On this day 18 years ago, Kurt Cobain decided he was done with life and ended it with a single shotgun blast to the head. While it's fun to play the "What if?" game with brilliant artists who died too soon — like, "Would John Lennon have followed Yoko's lead to become a Dance music superstar?"  or "Would James Dean be doing stereotypical 'cool old guy' roles today if he was still around?" — it is, of course, a pointless exercise.

But crystal-ball wonderings of a person who actually knew the artist? That's at least a little more interesting. Spin has a piece this morning about the vague musings of Cobain's widow, musician/actress Courtney Love, in an interview a year ago with Mark Yarm, author of Everybody Loves Our Town: An Oral History of Grunge. Love told Yarm, "We'd probably live on the Upper West fuckin' Side now and have three fuckin' kids. We might even have a divorce, like both be on our third marriage. I don't fuckin' know. He might be a playwright, (or have) his latest show in MoMA." (Read more here and check out the links featuring other Cobain remembrances.)

I like to think the couple would have starred in a really bad Everybody Loves Raymond-type sitcom on CBS. But mostly I wish Cobain would have stuck it out. As they say a lot nowadays, "It gets better."

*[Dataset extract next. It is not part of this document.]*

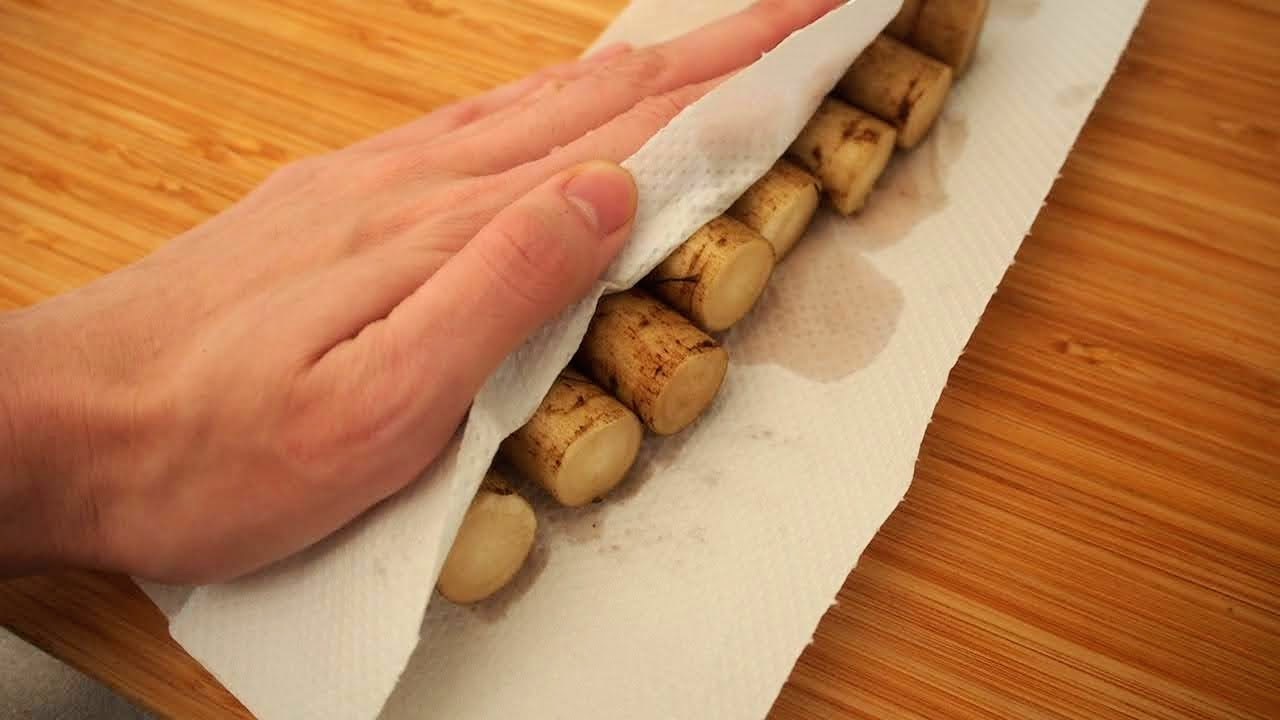 使いきれないゴボウは冷凍保存が最適！おいしく解凍するコツも紹介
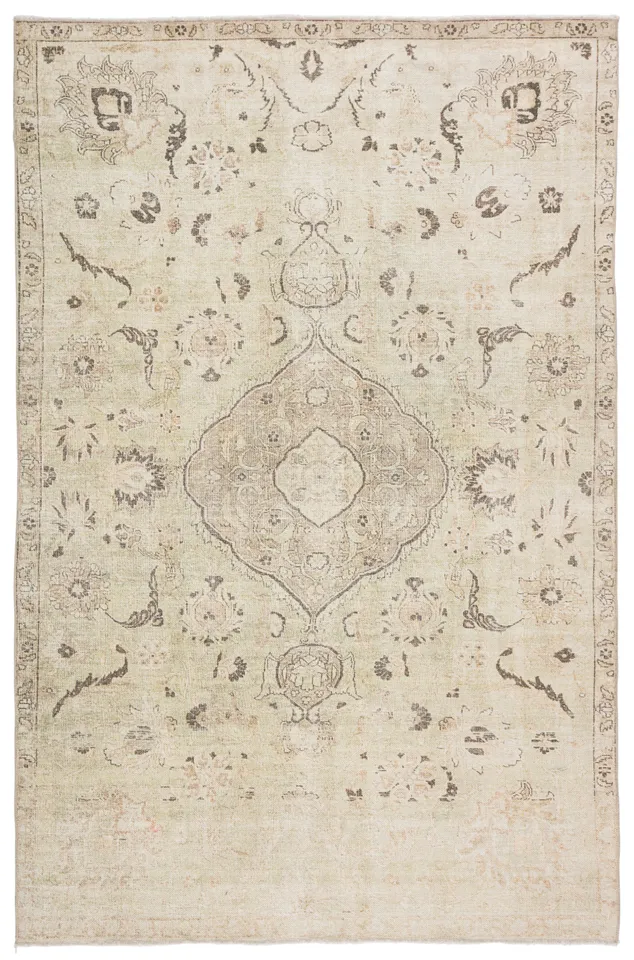 Victoire Medallion Green/ Gray Area Rug (5'X8')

I was lucky enough to see Nirvana a couple of times before Kurt made that impossible — once at Shorty's, the tiny subterranean club on Short Vine in Corryville, with about 50 people in attendance and once at Dayton's Hara Arena (see: poster above) with … quite a bit more people in attendance. Both shows were memorable. I think I got kicked out of Shorty's because some guy wanted to stab me that night (long story). (Nirvana played a few times in our area in those get-in-the-van-and-go, pre-stardom days, including a show at Clifton Heights bar Murphy's Pub. They were scheduled to play with the great AmRep band The Cows at the Top Hat in Newport but their van allegedly broke down on their way. I remember it well ’cause this local band opened up.)

In Dayton (memorable in hindsight because Cobain would be dead within a year), Kurt thought former drummer Chad Channing (who lived in Ohio then) was in the audience. The band called for Channing to come up and play "School" with them, but he never showed. Turns out, he wasn't there.

The band did play "School" later in the set and dedicated it to Channing. Check out the audio below.

Click on for Born This Day featuring Peter Case, Pharrell and Joe Meek.

—-Born This Day: Musical movers and shakers sharing an April 5 birthday include ABBA singer Agnetha Fältskog (1950); Wall of Voodoo ("Mexican Radio") frontman Stan Ridgway (1954); folksy singer/songwriter and "New Wave" pioneer (with The Nerves and The Plimsouls) Peter Case (1954); the "Kid" from Kid ’n Play, Christopher "Kid" Reid (1964); guitarist for Pearl Jam, Mike McCready (1966); minor hitmaker ("Where Have All The Cowboys Gone") Paula Cole (1968); member of quirky Indie Pop duo Cibo Matto, Miho Hatori (1970); Hip Hop producer and artist Pharrell Williams (1973); and legendary British record producer Joe Meek (1929).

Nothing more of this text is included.